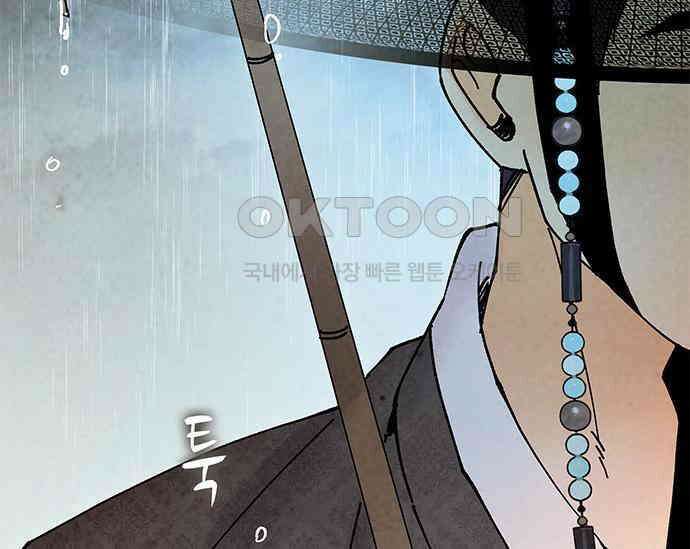 간택주의보 43화 50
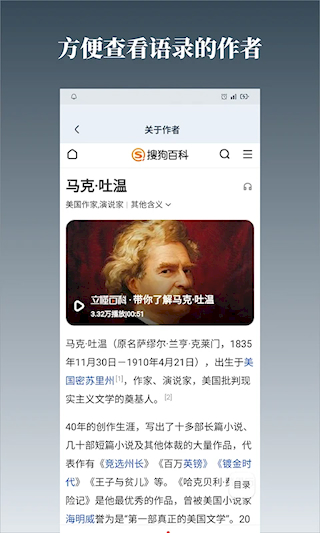 字醒(1)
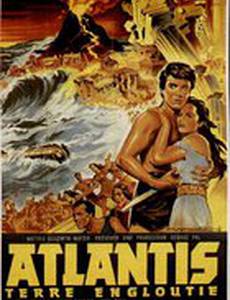 Атлантида, погибший континент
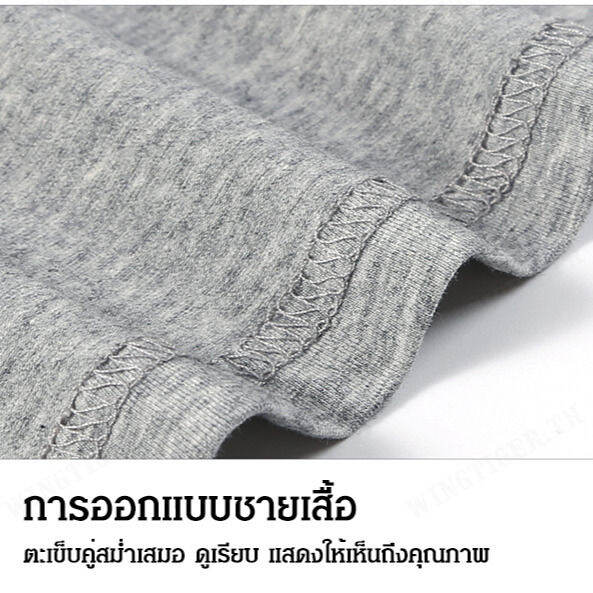 wingtiger-เสื้อโปโลผู้หญิงสไตล์เกาหลีใหม่-ผ้าฝ้ายสีขาว-ไซส์ใหญ่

**Task brief**.
Restate word for word only the lines that run from the line holding "Атлантида, погибший континент" to the end of the data, both ends kept, leaving every picture out.

**Answer space**.
 Атлантида, погибший континент
 wingtiger-เสื้อโปโลผู้หญิงสไตล์เกาหลีใหม่-ผ้าฝ้ายสีขาว-ไซส์ใหญ่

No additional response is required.